World Labour Report 2000. Income security and social protection in a changing world.

ILO
International Labour Office
2000
92-2-110831-7
321
Resource cover

Summary (English)

An important flagship study from the International Labour Office, the World Labour Report 2000 examines the changing context in which women and men are trying to achieve income security for themselves and their families. Drawing from detailed, worldwide data, this edition assesses the impact of globalization and liberalization, and considers the vital role played by social protection in supporting, supplementing and replacing market incomes. The Report highlights the forces at work in creating greater insecurity for many income earners.
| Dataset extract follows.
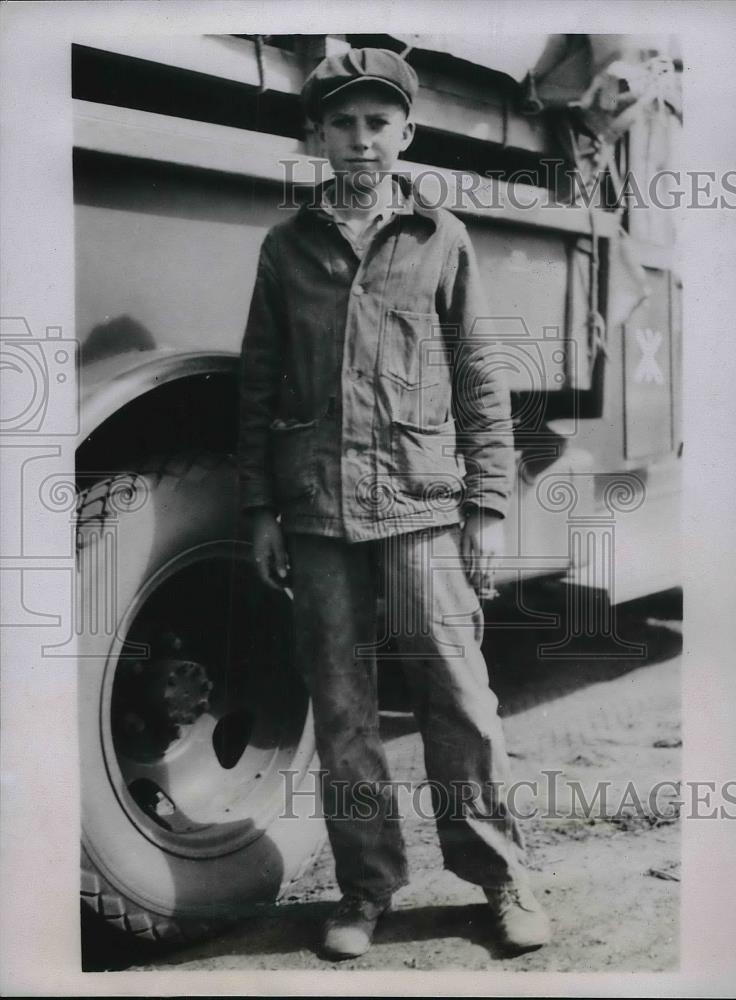 1935 Press Photo Leroy Johnson Farm boy - Historic Images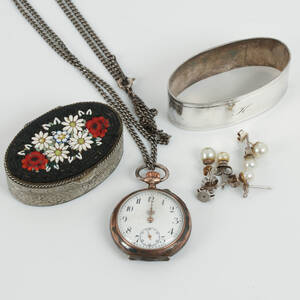 SILVERFÖREMÅL Mormorsur, halsband, örhängen, mm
It discusses the effects of rising unemployment and underemployment, and of labour market developments which have exposed a growing number of workers, especially women, to low pay and precarious conditions. It considers other factors, such as changing family structures and demographic trends that have created new needs and imposed new constraints. In addition, this wide-ranging study examines existing income protection measures to cater for major contingencies such as old age, incapacity for work, bearing and raising children, and unemployment. Also included are health care - without which many in the developing world are unfit to earn their living - and safety net measures such as social assistance. An efficient economy and an effective system of social protection are both essential for the attainment of income security and a stable society. The Report underlines the direct and immediate relationship between the provision of social protection and decent work, as underlined by Juan Somavia, Director-General of the ILO, in his first report to the International Labour Conference in 1999. The Report finds that the positive impact of social protection on the economy has often been neglected, and that this impact can be enhanced by a better coordination between social protection, labour market and anti-poverty policies. With many social security systems now under reform, future prospects are outlined and an alarm is sounded about the implications of pension fund growth for the instability of global financial markets. Top priority, the Report says, must be given - by civil society, as much as by the State - to finding the most effective means to bring social protection to the majority who still go without.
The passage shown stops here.